During our monitoring period, the use of the term increased significantly on social media when used by politicians both online and off. At a public lecture, ANC Secretary General, Ace Magashule, painted white monopoly capitalism as a power structure to be dismantled in order to economically liberate the black African. Julius Malema, however, leader of the EFF, views it as a powerful tool to influence the president’s office. He issued a warning to the president that if he listens to white monopoly capital, the president won’t finish his term.
Kaffir is a derogatory term for a black African. Under Crimen Injuria - South African common law - the term is considered hate speech and is punishable under the justice system. Despite this, the term has surfaced throughout our monitoring process.
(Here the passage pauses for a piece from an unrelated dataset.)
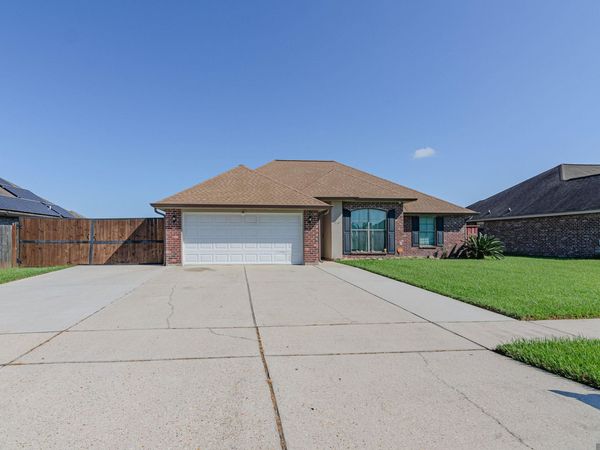 412 Cortez Dr, Laplace, LA 70068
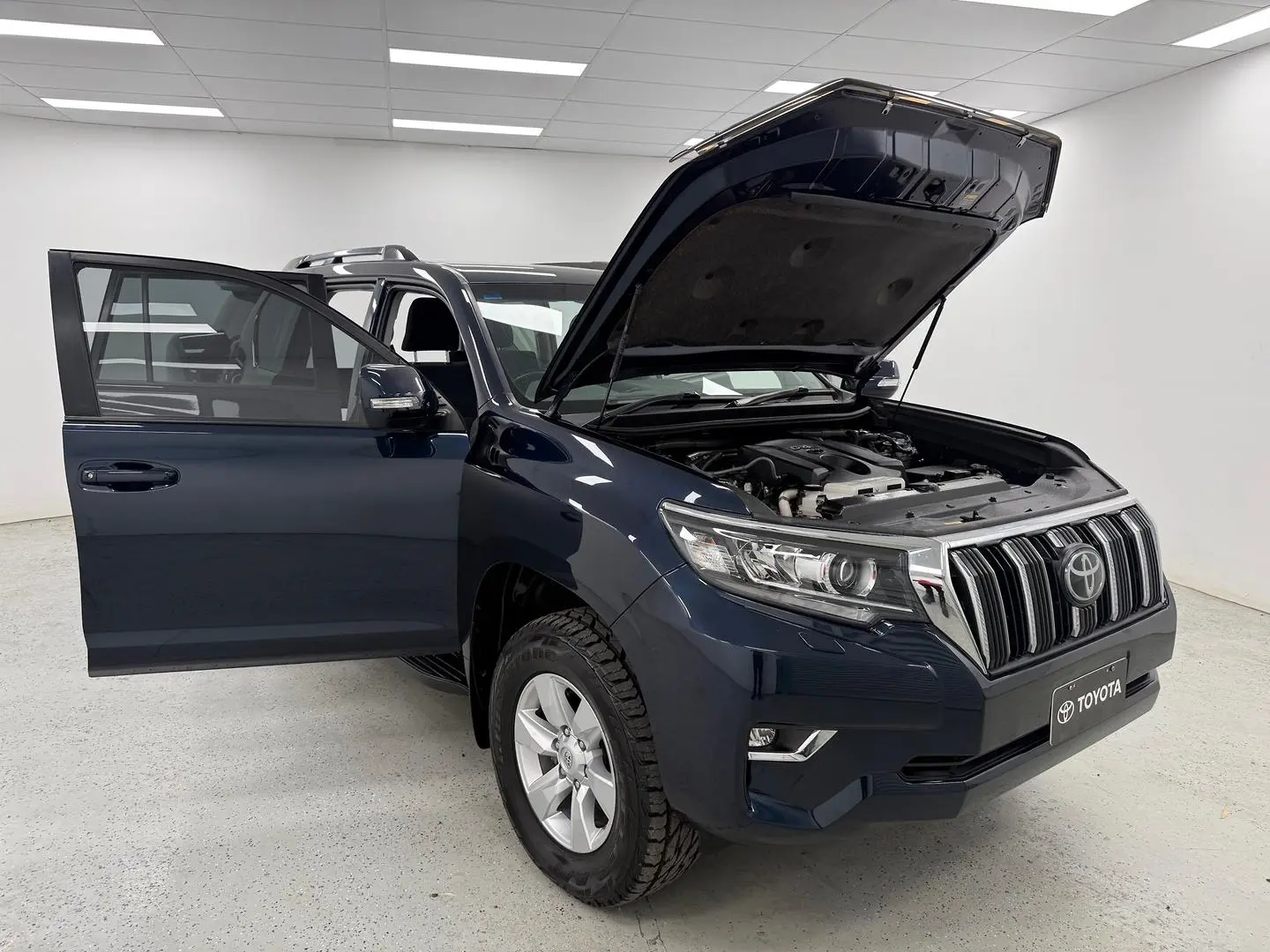 2022 Toyota Landcruiser Prado Gallery Image 20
During this period, rise of the term was triggered by events such as Hellen Zille’s tweet on “black privilege” from an online debate stating: “Well you clearly don't understand black privilege. It is being able to loot a country and steal hundreds of billions and get re-elected. If ppl want permanent poverty for the masses they are going about it the right way."
This resulted in another user responding: “Just call us Kafirs and be done already.”
While such online discourse can quickly turn hateful, another tweet told how South Africans need to discuss how the Indian community uses the K-word more often than the white one when referring to black employees. The attention this tweet garnered suggests frequent use of the term in offline spaces.